An invitation to ferry over to Birkenhead to watch Rory McIlroy do his thing with such panache at the recent British Open on the Royal Liverpool links course at Hoylake opened the opportunity to extend the weekend by a few days for some exhilarating motoring in the nearby mountains of North Wales.
Now that’s the kind of driving that just cries out for a sleek, slung low to the tarmac, rorty-exhausted sports car.
But, as luck would have it, my test car was nothing exotic but rather a sensible, upright, seven-seater family car.
It speaks volumes for the Citroën Grand C4 Picasso 7 that I had plenty of fuplentn regardless.
Those Frenchies have certainly got the Mid-size MPV format sorted and this model, priced from £19,200 to £27,855, is a class leader in all departments, including price.
The styling is handsome and contemporary inside and out, with controls and dials that are a model of clarity and help create a wonderful light and airy feeling, with exceptional cabin space in rows two and three. Access to that third row has been enhanced through optimised rear door apertures. Indeed, overall Citroën claim this car is the most versatile, practical and elegant offering in its market sector.

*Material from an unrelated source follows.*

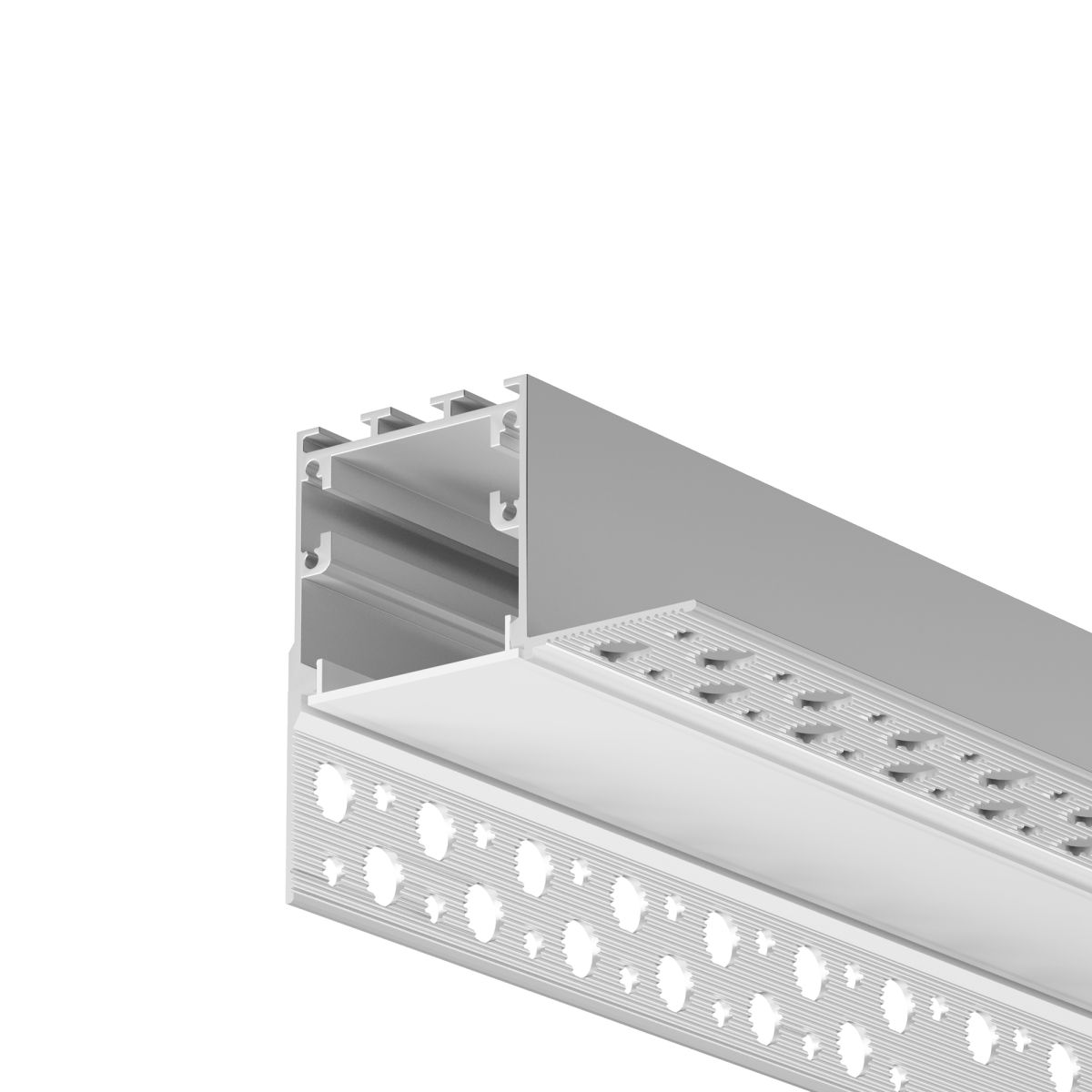 Алюминиевый профиль встраиваемый скрытого монтажа 59x59 Led Strip ALM-5959-S-2M 636014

The Grand C4 Picasso’s two-litre turbo-diesel delivers record low emissions for its sector and provides fuel economy figures of up to 73.4 mpg in the combined cycle. It can reach 62 mph in 10.2 seconds from standstill, topping out at 128 mph.

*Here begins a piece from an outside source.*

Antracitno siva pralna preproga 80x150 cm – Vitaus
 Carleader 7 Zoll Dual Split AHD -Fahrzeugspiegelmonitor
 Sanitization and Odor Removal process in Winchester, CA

True performance, however, is about much more than just raw figures. With its long wheelbase and suspension that is set with a near perfect balance between comfort and roadholding, this thoroughly likeable vehicle easily keeps pace with the flow, even on the twisting, switchback roads of Snowdonia.
With more glass than its rivals and a fairly upright driving position, the Grand C4 Picasso is easy to drive and handles like a dream – and it also has a commendably tight turning circle.
A panoramic windscreen and sunroof added to the pleasure of a few days out in the wild blue yonder and even a torrential if short-lived downpour on the Sunday plus some seemingly endless roadworks on the motorway could not spoil one of the best motoring experiences of the year.
Would it have been as fulfilling had I been piloting one of those aforementioned sports cars? Probably not.